Coinbase has yet to publicly acknowledge receipt of these letters. There was no mention of them in the Q3 earnings report, no reference made in the analyst call and—crucially—no formal 8-K filing with the U.S. Securities and Exchange Commission (SEC), which requires listed companies to issue notices of unscheduled material events or corporate changes that could result in significant impact to shareholders.


This “interesting” omission was noted by Dr. Wright on a Slack channel, along with a warning that Coinbase was “opening themselves to a class action lawsuit and leaving the directors and company officers personally liable for damages.” Wright further warned that “the failure to report a material event of this size is a felony offence” and could result in the SEC taking action that might include Coinbase’s delisting from the Nasdaq.

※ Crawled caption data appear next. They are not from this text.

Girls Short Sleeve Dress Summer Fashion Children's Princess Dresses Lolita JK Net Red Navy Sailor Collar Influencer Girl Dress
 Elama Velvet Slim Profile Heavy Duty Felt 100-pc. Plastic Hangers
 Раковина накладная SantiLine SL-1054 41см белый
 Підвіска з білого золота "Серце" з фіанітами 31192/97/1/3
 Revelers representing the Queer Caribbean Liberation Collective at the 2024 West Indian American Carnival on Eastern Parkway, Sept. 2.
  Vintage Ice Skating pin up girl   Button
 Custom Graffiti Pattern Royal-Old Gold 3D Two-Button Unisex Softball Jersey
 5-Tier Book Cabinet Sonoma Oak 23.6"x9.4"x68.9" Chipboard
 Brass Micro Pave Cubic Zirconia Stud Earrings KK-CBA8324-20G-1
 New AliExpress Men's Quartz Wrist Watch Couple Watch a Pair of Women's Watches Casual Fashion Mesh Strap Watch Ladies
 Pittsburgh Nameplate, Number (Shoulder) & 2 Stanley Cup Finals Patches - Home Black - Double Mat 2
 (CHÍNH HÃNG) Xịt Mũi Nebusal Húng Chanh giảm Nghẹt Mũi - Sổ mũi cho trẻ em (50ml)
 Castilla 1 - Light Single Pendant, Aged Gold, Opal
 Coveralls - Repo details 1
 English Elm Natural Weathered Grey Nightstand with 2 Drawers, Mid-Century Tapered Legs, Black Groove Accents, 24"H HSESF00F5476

Coinbase is a founding member of the Crypto Open Patent Alliance (COPA), a cabal of BTC backers that initiated proceedings in the U.K. High Court in April aimed at undermining Wright’s claim to authorship of the Bitcoin white paper. So meeting Wright in court—or threatening to, at least—should be old hat by now.


Wright’s ongoing civil suit—aka the Satoshi Case in Florida—with the brother of his late friend and colleague Dave Kleiman is another legal front that Coinbase is monitoring with more than a little unease. The whole premise of Ira Kleiman’s case is that Wright is Satoshi, and Coinbase’s Nasdaq prospectus cited public confirmation of Satoshi’s true identity—and potential movement of the 1.1 million BTC Satoshi is believed to control—as major risk factors that could let some of the air out of Coinbase’s balloon.


Putting the lout in sellout


While its Wright-related 8-K was nowhere to be found, Coinbase did make nine SEC filings since the letters were sent, seven of which related to directors and senior staff selling shares in the company since the calendar flipped over to November.


As certain options vested, Chief Product Officer Surojit Chatterjee sold a total of 60,000 shares worth around $20.7 million, while Chief Legal Officer Paul Grewal—of the infamous ‘our in-house securities aren’t securities’ blog post—sold a comparatively paltry 10,900 shares worth $3.8 million. Both execs have been among Coinbase’s most avid sellers since the Nasdaq debut, with Grewal unloading over $60 million worth of shares while Chatterjee has sold a whopping $154 million.


But it was Coinbase co-founder Fred Ehrsam who claimed the early lead in the November fire sale, having dumped around $99 million worth of stock since the month began.


Ehrsam’s post-listing tally is now over $400 million, well ahead of the $292 million sold by co-founder/CEO Brian Armstrong. (On Tuesday’s analyst call, Armstrong continued to display his traditional inability to read the regulatory room, declaring at one point that “it’s going to become politically unpopular to ever tax crypto.”)


This week’s insider sales could reflect a desire to take advantage of a temporary bump in the company’s stock or it could be a reaction to other forces that until today remained unknown to the great unwashed masses of rank-and-file investors. The answer to that riddle may yet prove, as Dr. Wright observed, interesting.